### [Your goal]
Reproduce each entry exactly, so that everything except the pictures is carried over.

### [Recorded information]
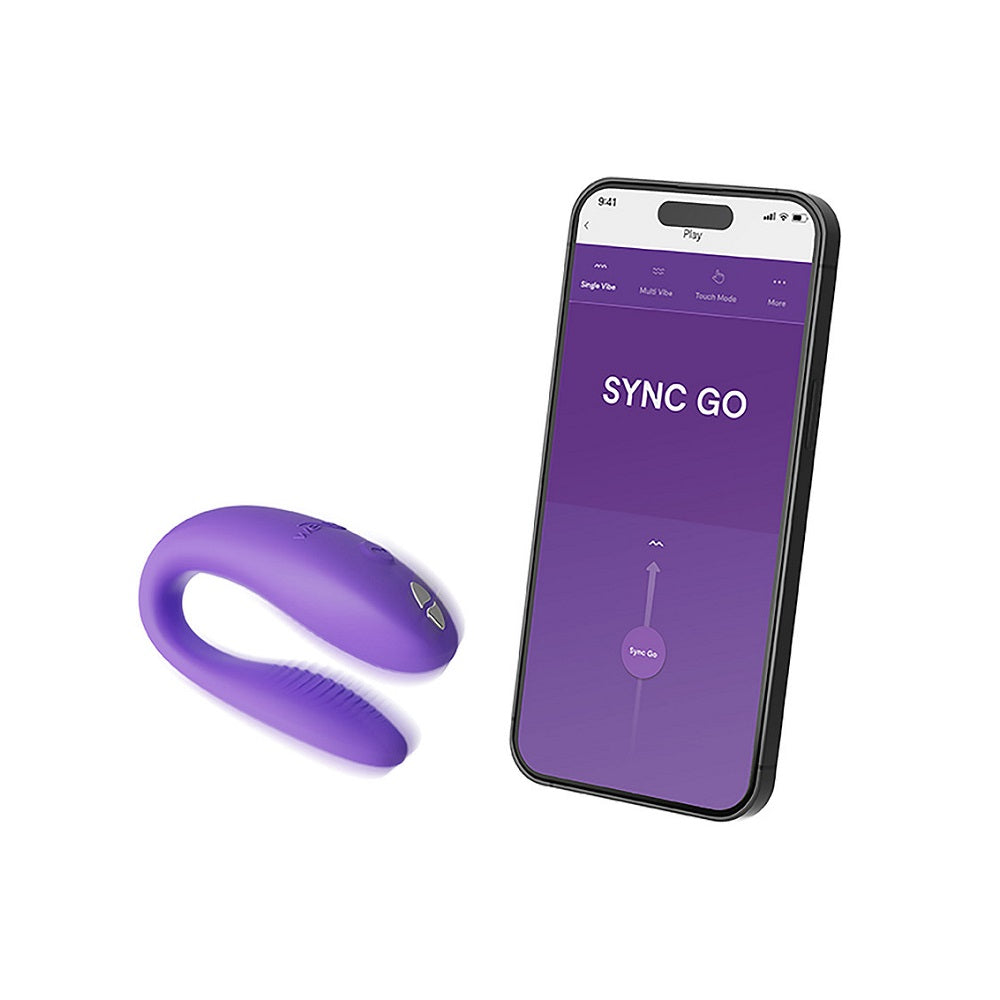 We-Vibe Sync Go in purple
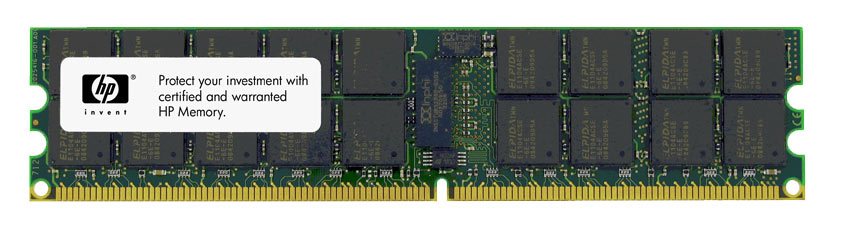 AB564AX - IBM 1GB 533MHz DDR2 PC2-4200 ECC Registered CL4 240-Pin DIMM 1.8V Single Rank x4 Memory Module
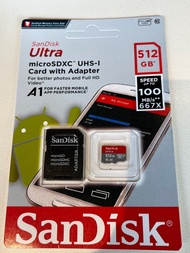 Sandisk Micro SD Card  512GB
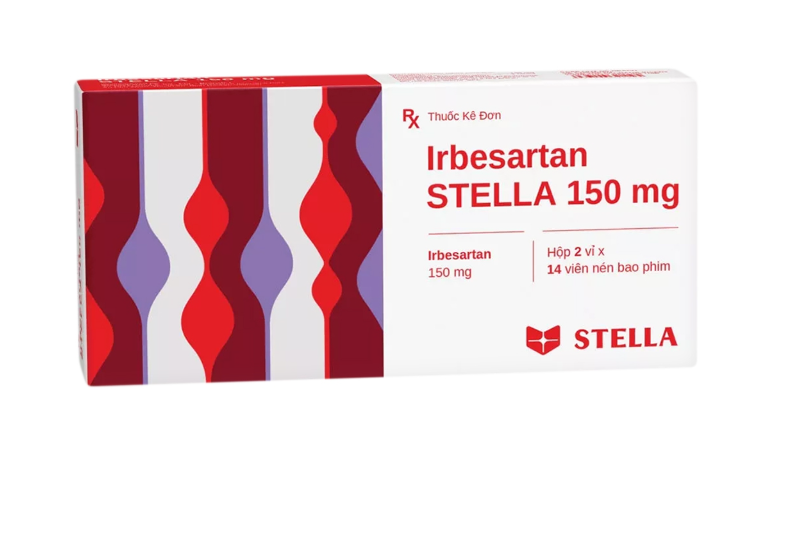 Quy cách đóng gói của thuốc Irbesartan 150mg 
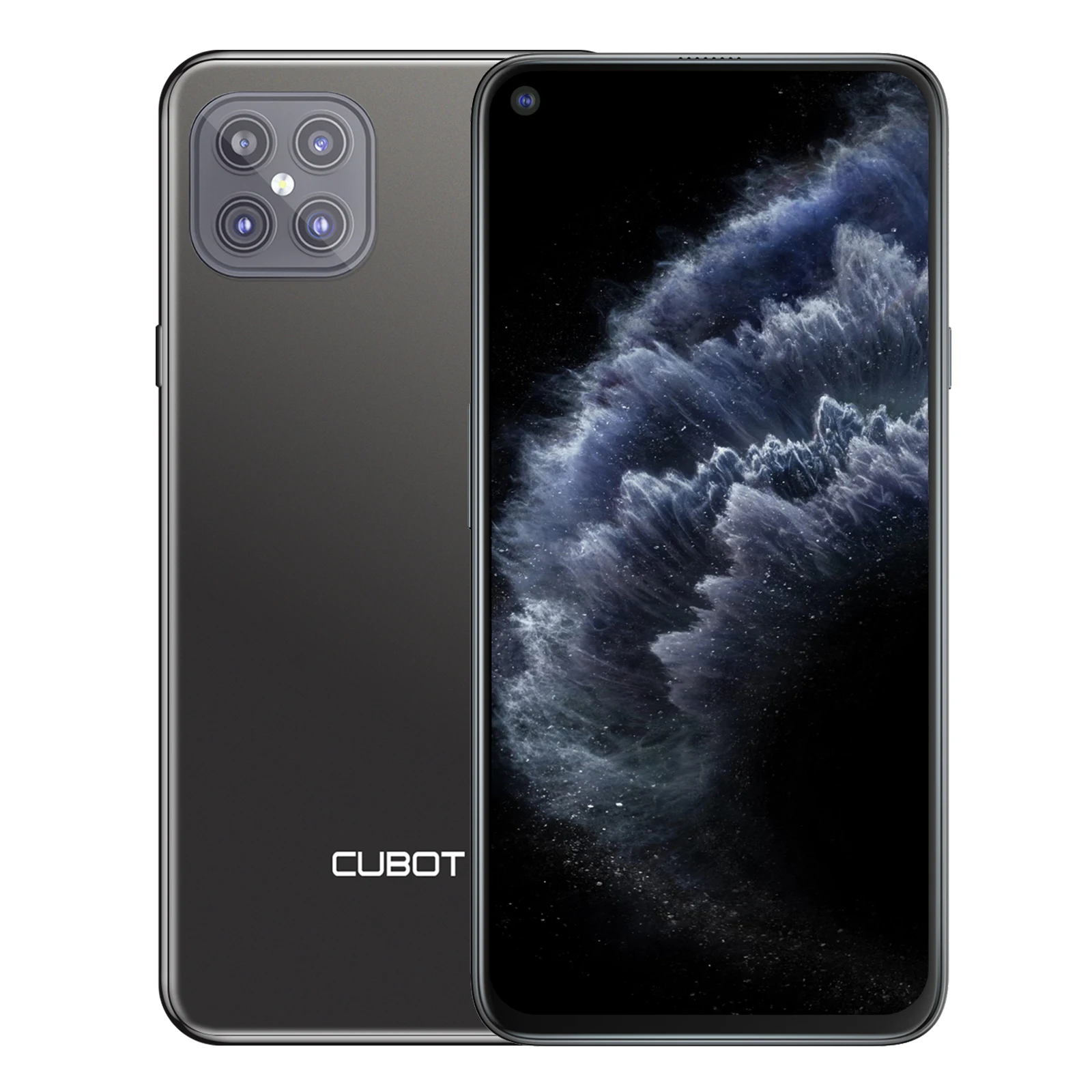 

Global 4G LTE brand phone Cubot C30 6.4''FHD+ 48MP Quad AI Camera 8GB 128/256GB NFC 4200mAh Android 10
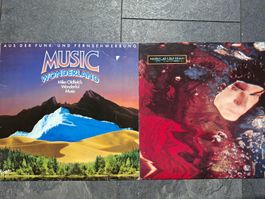 Disques vinyle Mike Oldfield Music Wonderland Earth Moving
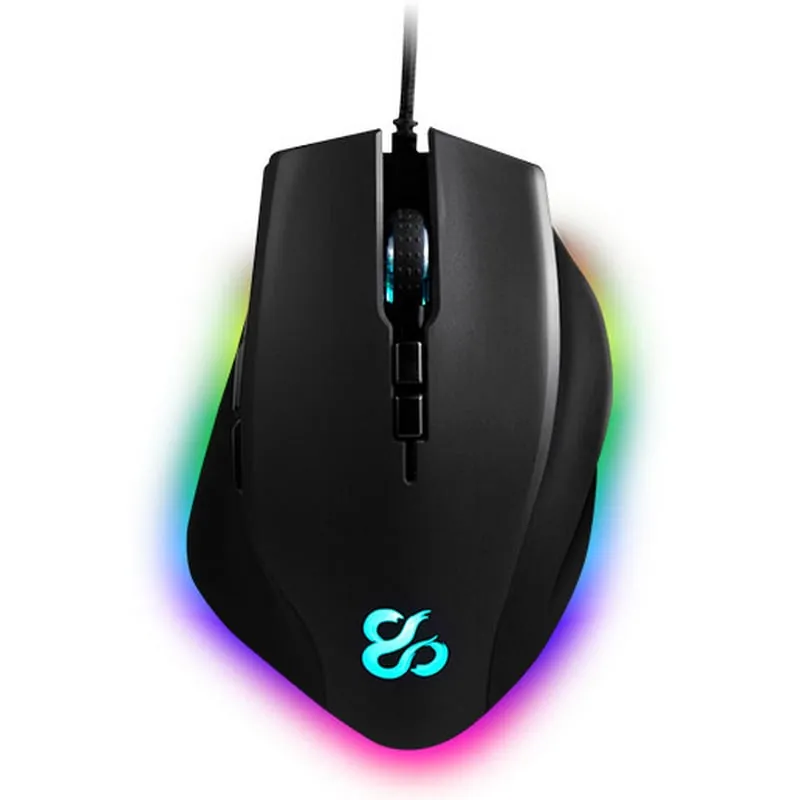 Newskill Habrok Ratón Gaming RGB 16000 DPI NS-MS-HABROK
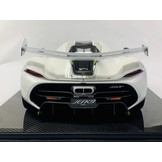Schaalmodel 1:8 Koenigsegg Jesko 'Pearl White' Autosalon Genève 2019 FrontiArt
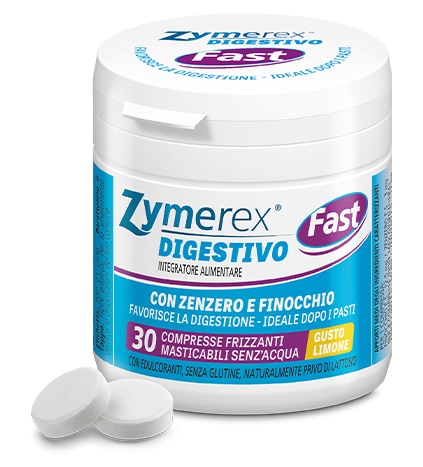 ZYMEREX FAST 30 COMPRESSE MASTICABILI - Farmacia Rossi2 - Farmacia Rossi 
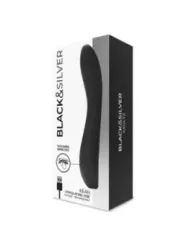 Black&Silver - Vibratore Kean Touch Control - BLACK&SILVER - Vibratori punto G | erosidea.com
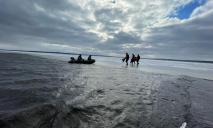 Врятували більше 40 чоловік: у ДСНС показали, як визволяли з пастки рибалок, які дрейфували на кризі (ВІДЕО)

### [Response]
 We-Vibe Sync Go in purple
 AB564AX - IBM 1GB 533MHz DDR2 PC2-4200 ECC Registered CL4 240-Pin DIMM 1.8V Single Rank x4 Memory Module
 Sandisk Micro SD Card  512GB
 Quy cách đóng gói của thuốc Irbesartan 150mg 

Global 4G LTE brand phone Cubot C30 6.4''FHD+ 48MP Quad AI Camera 8GB 128/256GB NFC 4200mAh Android 10
 Disques vinyle Mike Oldfield Music Wonderland Earth Moving
 Newskill Habrok Ratón Gaming RGB 16000 DPI NS-MS-HABROK
Schaalmodel 1:8 Koenigsegg Jesko 'Pearl White' Autosalon Genève 2019 FrontiArt
 ZYMEREX FAST 30 COMPRESSE MASTICABILI - Farmacia Rossi2 - Farmacia Rossi 
 Black&Silver - Vibratore Kean Touch Control - BLACK&SILVER - Vibratori punto G | erosidea.com
 Врятували більше 40 чоловік: у ДСНС показали, як визволяли з пастки рибалок, які дрейфували на кризі (ВІДЕО)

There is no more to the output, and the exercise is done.